# AIM OF THE TASK
Output exactly, in the material below, the lines from the one with "Spirituele Mandala Regenboog" through the one with "какой же он". Omit all pictures.

# DATASET EXTRACT
------------------------------------------------------------------------

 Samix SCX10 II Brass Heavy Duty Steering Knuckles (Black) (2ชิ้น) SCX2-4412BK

------------------------------------------------------------------------

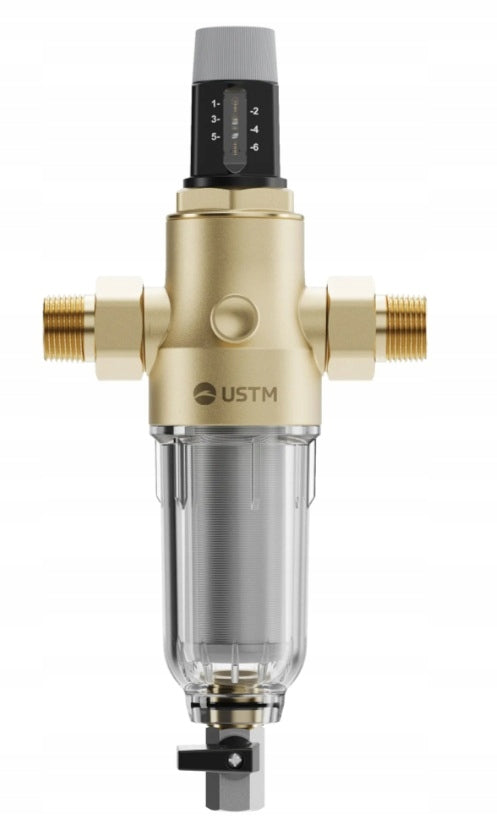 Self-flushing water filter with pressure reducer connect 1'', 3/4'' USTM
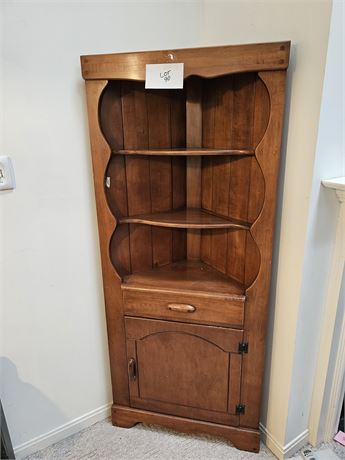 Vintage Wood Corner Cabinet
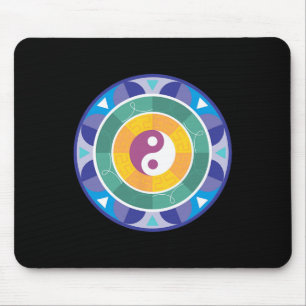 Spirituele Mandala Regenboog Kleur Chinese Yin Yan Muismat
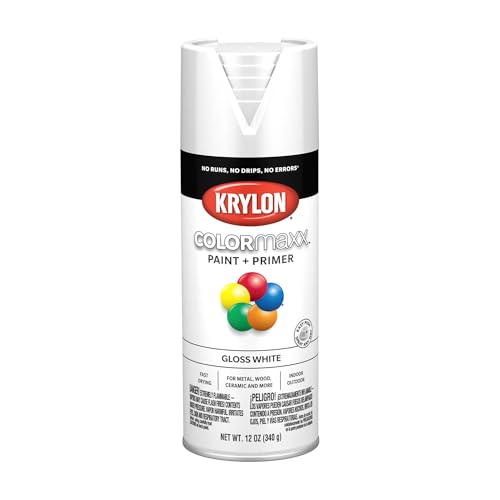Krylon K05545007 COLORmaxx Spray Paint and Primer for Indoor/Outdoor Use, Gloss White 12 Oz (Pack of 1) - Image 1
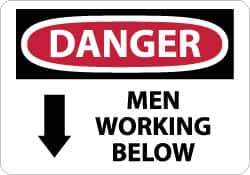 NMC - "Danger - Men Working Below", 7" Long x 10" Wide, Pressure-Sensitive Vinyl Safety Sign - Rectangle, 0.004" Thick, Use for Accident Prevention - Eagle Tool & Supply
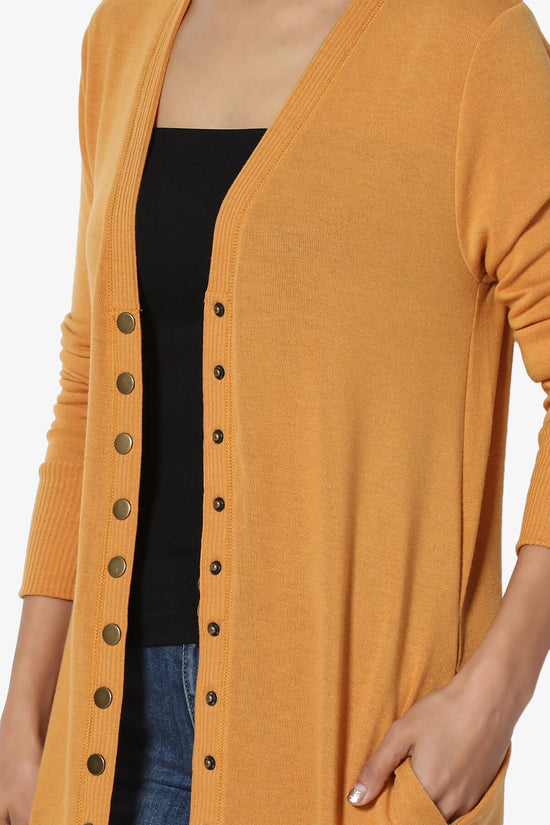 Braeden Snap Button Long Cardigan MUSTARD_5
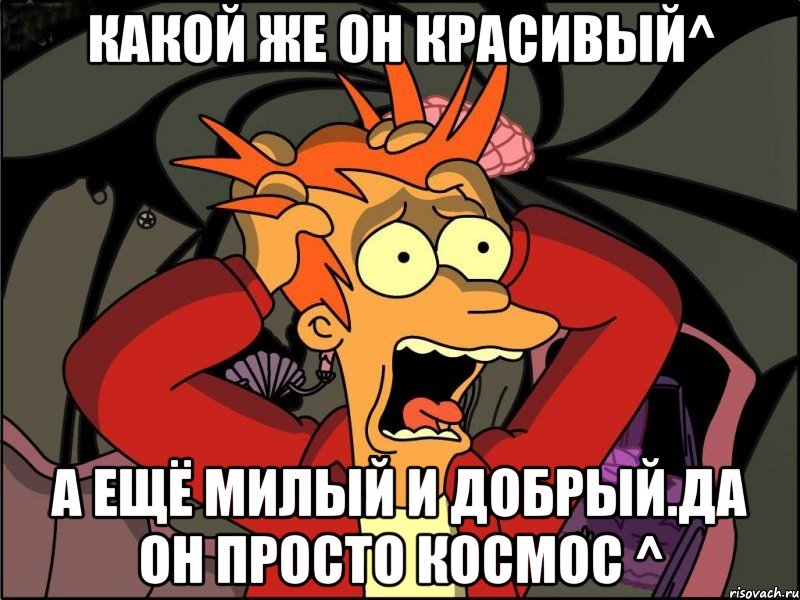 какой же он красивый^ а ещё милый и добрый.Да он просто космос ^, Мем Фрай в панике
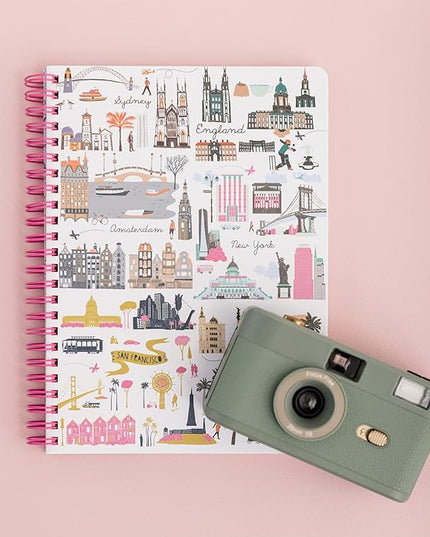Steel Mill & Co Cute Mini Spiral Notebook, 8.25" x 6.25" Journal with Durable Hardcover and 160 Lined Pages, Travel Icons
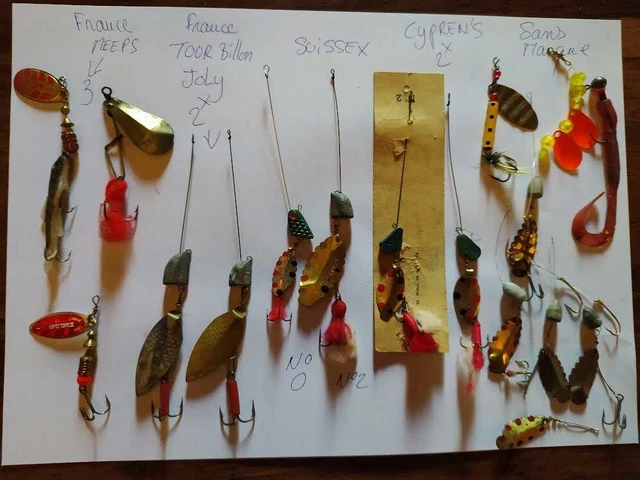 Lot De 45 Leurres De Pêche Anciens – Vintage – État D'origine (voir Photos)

------------------------------------------------------------------------

# ANSWER SECTION
 Spirituele Mandala Regenboog Kleur Chinese Yin Yan Muismat
Krylon K05545007 COLORmaxx Spray Paint and Primer for Indoor/Outdoor Use, Gloss White 12 Oz (Pack of 1) - Image 1
 NMC - "Danger - Men Working Below", 7" Long x 10" Wide, Pressure-Sensitive Vinyl Safety Sign - Rectangle, 0.004" Thick, Use for Accident Prevention - Eagle Tool & Supply
 Braeden Snap Button Long Cardigan MUSTARD_5
 какой же он красивый^ а ещё милый и добрый.Да он просто космос ^, Мем Фрай в панике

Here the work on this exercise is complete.